▶ **GIVEN DATA**:
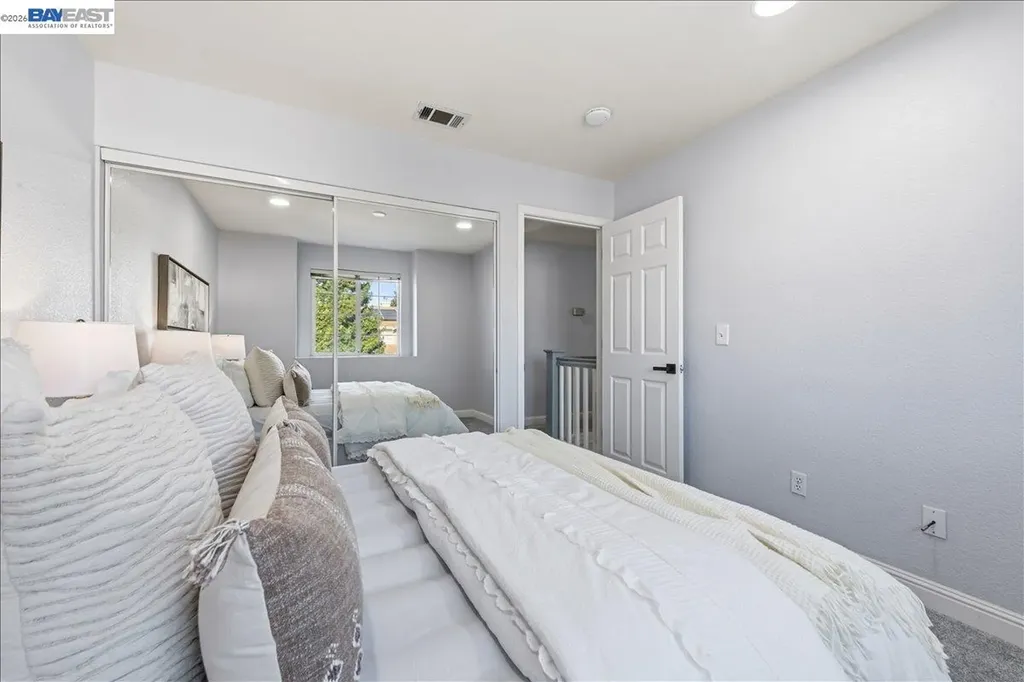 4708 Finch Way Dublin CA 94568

--

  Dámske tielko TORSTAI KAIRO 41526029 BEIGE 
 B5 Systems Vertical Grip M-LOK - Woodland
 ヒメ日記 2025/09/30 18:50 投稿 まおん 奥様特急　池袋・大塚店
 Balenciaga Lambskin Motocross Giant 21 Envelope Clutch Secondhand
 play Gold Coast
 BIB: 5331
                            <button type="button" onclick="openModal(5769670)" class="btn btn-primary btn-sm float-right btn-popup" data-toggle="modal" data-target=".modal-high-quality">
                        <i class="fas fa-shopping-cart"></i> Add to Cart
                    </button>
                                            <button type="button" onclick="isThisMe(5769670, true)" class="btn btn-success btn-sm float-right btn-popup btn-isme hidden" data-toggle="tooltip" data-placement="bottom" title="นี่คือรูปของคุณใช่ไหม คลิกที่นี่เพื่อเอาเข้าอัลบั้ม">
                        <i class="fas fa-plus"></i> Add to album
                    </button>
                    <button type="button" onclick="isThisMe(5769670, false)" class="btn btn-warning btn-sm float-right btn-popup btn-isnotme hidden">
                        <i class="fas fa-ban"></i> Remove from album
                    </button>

▶ **ABOUT THIS EXERCISE**: Reading through the records above, report each line in which the string "class" is found.

▶ **ANSWER FOR THE TASK**:
                            <button type="button" onclick="openModal(5769670)" class="btn btn-primary btn-sm float-right btn-popup" data-toggle="modal" data-target=".modal-high-quality">
                        <i class="fas fa-shopping-cart"></i> Add to Cart
                                            <button type="button" onclick="isThisMe(5769670, true)" class="btn btn-success btn-sm float-right btn-popup btn-isme hidden" data-toggle="tooltip" data-placement="bottom" title="นี่คือรูปของคุณใช่ไหม คลิกที่นี่เพื่อเอาเข้าอัลบั้ม">
                        <i class="fas fa-plus"></i> Add to album
                    <button type="button" onclick="isThisMe(5769670, false)" class="btn btn-warning btn-sm float-right btn-popup btn-isnotme hidden">
                        <i class="fas fa-ban"></i> Remove from album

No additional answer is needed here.